_RECORDED INFORMATION_:
+ + + + + + +

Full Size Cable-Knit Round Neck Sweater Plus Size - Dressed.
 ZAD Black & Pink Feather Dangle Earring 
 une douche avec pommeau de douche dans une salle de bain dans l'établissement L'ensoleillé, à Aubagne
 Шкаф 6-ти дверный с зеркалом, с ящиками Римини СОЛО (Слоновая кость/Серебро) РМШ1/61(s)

+ + + + + + +

_ABOUT THIS EXERCISE_: Copy all of the material word for word.

_WRITTEN REPLY_:
Full Size Cable-Knit Round Neck Sweater Plus Size - Dressed.
 ZAD Black & Pink Feather Dangle Earring 
 une douche avec pommeau de douche dans une salle de bain dans l'établissement L'ensoleillé, à Aubagne
 Шкаф 6-ти дверный с зеркалом, с ящиками Римини СОЛО (Слоновая кость/Серебро) РМШ1/61(s)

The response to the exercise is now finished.